Challenging the provisional appointment of a co-worker
Kirmayer v State Civil Service Commission, 236 A.D.2d 705*
May an employee challenge the provisional appointment of a coworker and if so, what standards must he or she meet to pursue the action? This was the central issue in Kirmayer v New York State Civil Service Commission.
David Kirmayer, a Computer Systems Programmer with the State Office of Mental Health [OMH], asked the Civil Service Department to revoke OMH's provisionally appointing Catherine Dryden as Supervisor of Revenue Operations. Kirmayer contended that Dryden's appointment violated §65.4 of the Civil Service Law.** When the Department of Civil Service refused to revoke Dryden's appointment, Kirmayer filed an Article 78 seeking to compel the revocation of her appointment.
A New York State Supreme Court judge dismissed Kirmayer's action on the grounds that he lacked standing to commence the proceeding. On appeal, the Appellate Division affirmed the Supreme Court's ruling.
The Appellate Division said that in order to challenge an administrative determination, Kirmayer had to show:
a. interest protected by statutory or constitutional provisions;
b. The administrative determination being challenged had a harmful effect on him; and
c. There was no clear legislative intent barring judicial review of the matter.

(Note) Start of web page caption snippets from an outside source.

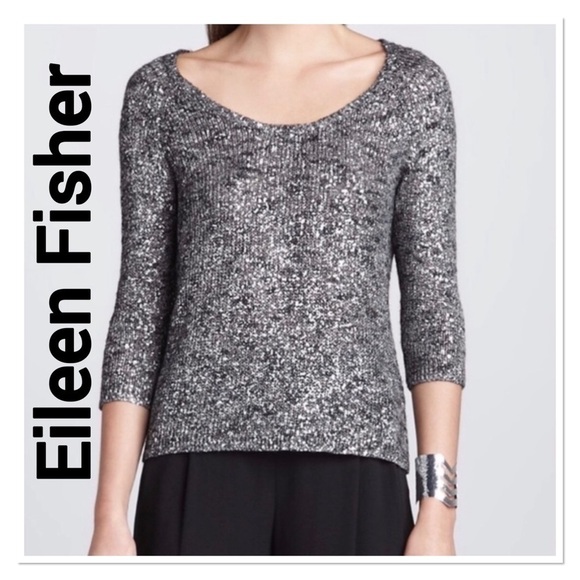 EILEEN FISHER Silver Knit Scoop Neck Sweater small petite - Picture 1 of 12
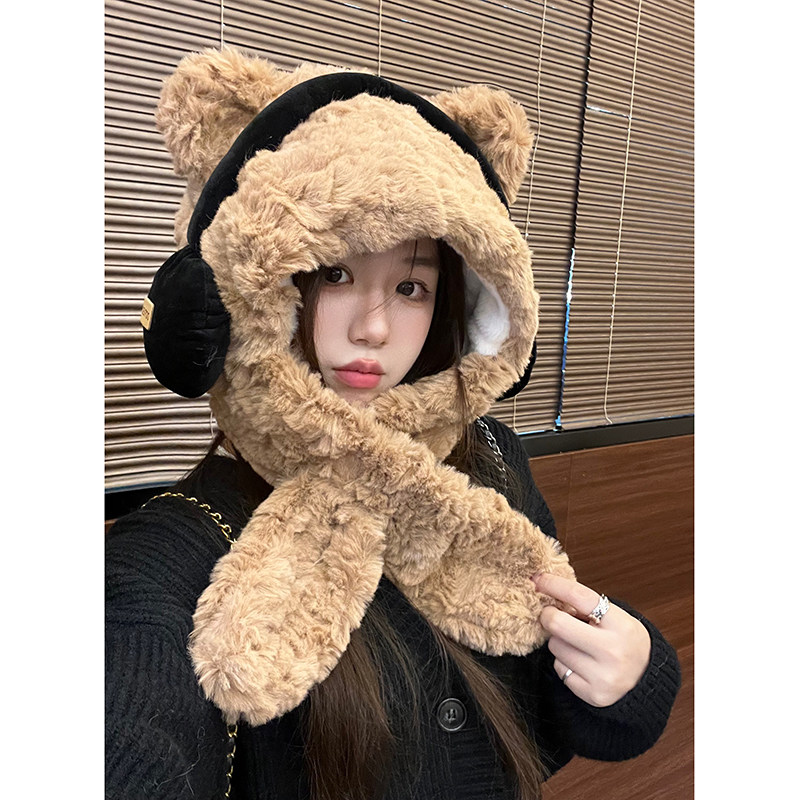 可爱耳机小熊帽子围巾一体女秋冬毛绒加厚保暖骑车护耳雷锋帽新款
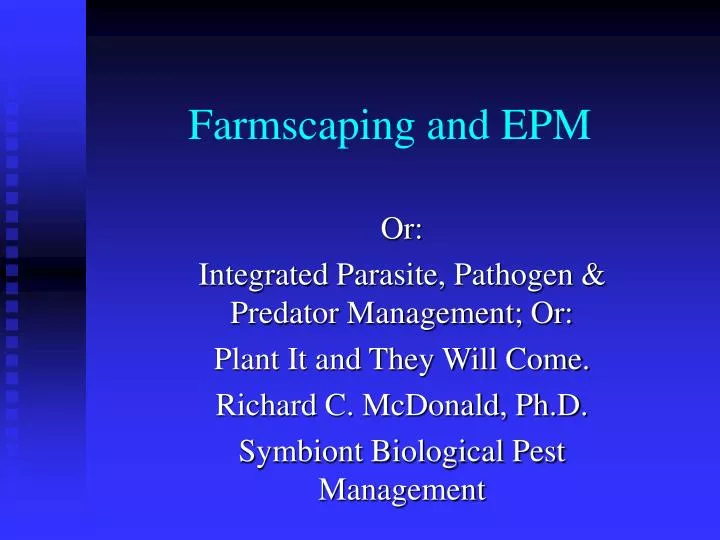farmscaping and epm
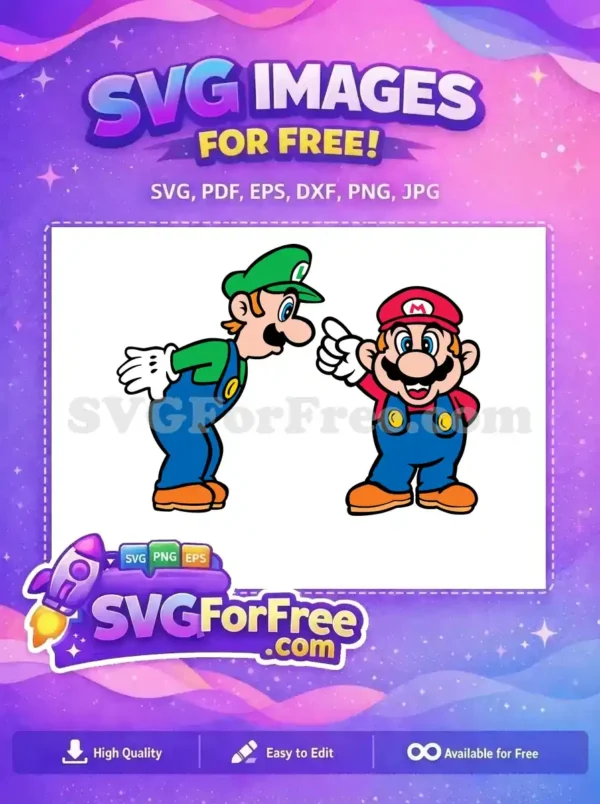 Free Pointing Mario Free Luigi Scared Mario Bros Free SVG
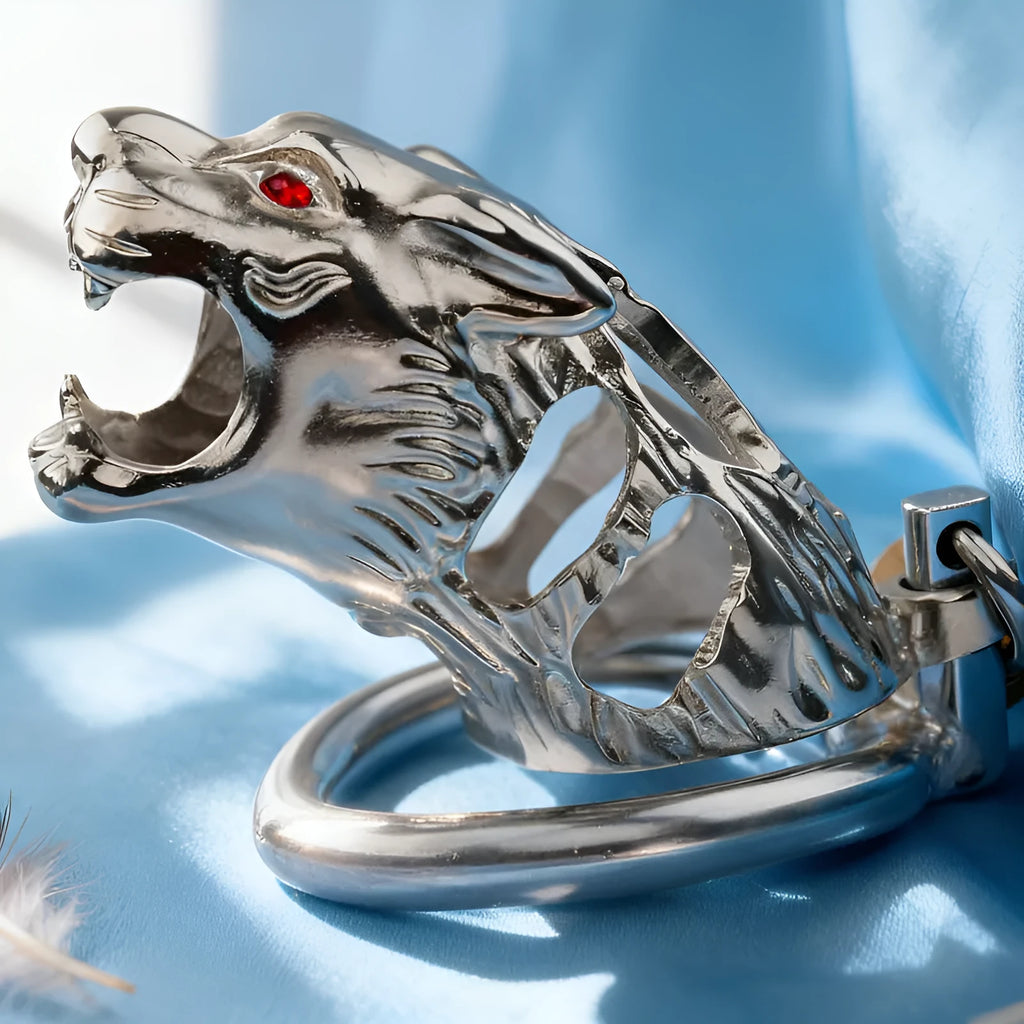Yellow stainless steel chastity lock with tiger head hollow design, available in 40mm 45mm 50mm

Kirmayer contended the appointment did hurt him, even though he made no claim that he was qualified for Dryden's position. Instead he contended that had an individual in his "promotional unit" been appointed as the provisional Supervisor of Revenue Operations, he could have applied for the vacancy created by the appointment.
The Appellate Division said that Kirmayer "so-called injury ... stemming from his purported inability to apply for an unspecified position that might have become vacant through the promotion of some unknown individual" constituted pure speculation.
In other words, the Court decided that Kirmayer "simply has not demonstrated the special type of damage necessary to confer standing for the purpose of pursuing the litigation."
* See, also, Kirmayer v State Civil Service Commission, 42 AD3d 848
** §65.4 generally bars "successive provisional appointments" to the same position. Presumably the approval of Dryden's provisional appointment by Civil Service was authorized under one or more of the exceptions allowed by §65.4.